Mark Falk, president of the South Elgin Economic Development Committee, requested the change July 2 on behalf of PS Fuels owners Ken Kearns and Rick Mistretta, who opened a Marathon gas station at Route 25 and Middle Street in South Elgin in 2005. A later renovation added video gaming, which is allowed at truck stops in Illinois.

The possibility of a gas station being built just east of PS Fuels in Bartlett, which would be allowed to sell alcohol, has them worried the difference will give a leg up to the competition, Mistretta said. Developers are in the process of receiving approval for the business from the village, he said.

“Their (Barlett) ordinance allows for beer and wine,” Falk told the board. “It is time to think outside of the box and support the businesses that support us in the village.”

South Elgin has nine gas station/convenience stores, said Marc McLaughlin, director of community development. If adding them to liquor sales classifications is approved by the village, each store would have to petition the liquor commission for a liquor license and pay the license fee.

Previous village boards have denied requests to allow gas stations to sell beer and wine, board President Steve Ward said. But that has slowly been changing; the village has allowed CVS and Walgreens drug stores to sell alcoholic beverages in recent years.

As a former high school teacher, Mike Kolodziej said his concern is minors purchasing alcohol — or adults buying it for them.
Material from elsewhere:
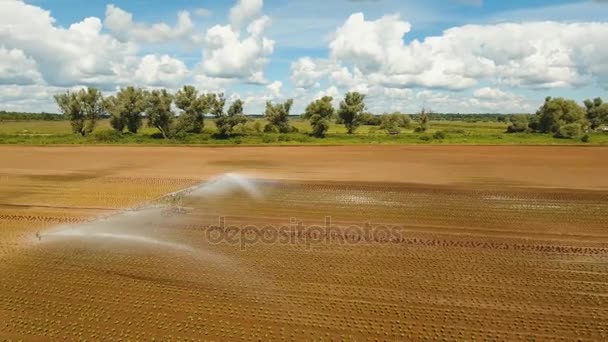 Zavlažovací systém na zemědělské půdě. — Stock video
Two or three businesses in the village with liquor licenses have been caught selling to minors in recent months promising they’d train employees to check IDs and spot underage patrons, he said.
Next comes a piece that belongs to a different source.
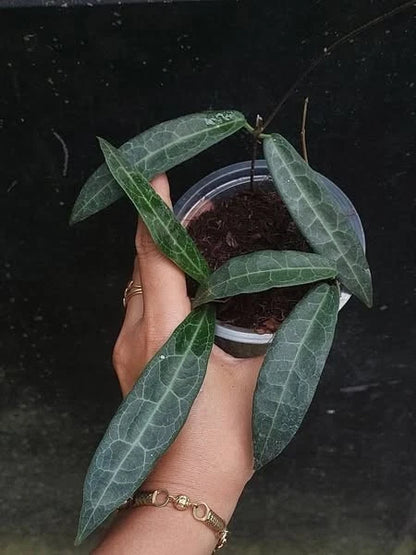 Hoya Hypolasia – Rare Tropical Indoor Outdoor Wax Plant Cutting / Starter Plant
The village can require such preventative measures as installing readers that scan every ID before a sale, something Mistretta said he would consider.

The board could also set said liquor license restrictions prohibiting the sale of such things as 40-ounce beer cans or bottles or limiting the percentage of floor space given to alcoholic products, village attorney Derke Price said.

Beyond putting South Elgin businesses at a disadvantage competitively, the restriction also means the village is missing out on tax revenue that would be generated by beer and wine sales made at gas stations, Falk said.

When PS Fuels added liquor sales to its store in Harvard, there was an immediate 40 percent increase in sales, Mistretta said. In the first month, there was a 20 percent increase from alcohol sales and another 20 percent in “ancillary sales,” he said.

Going into the meeting, Trustee Lisa Guess said she was not in favor of allowing the sales.

“It is a possibility — you swayed me from a dead no,” she said.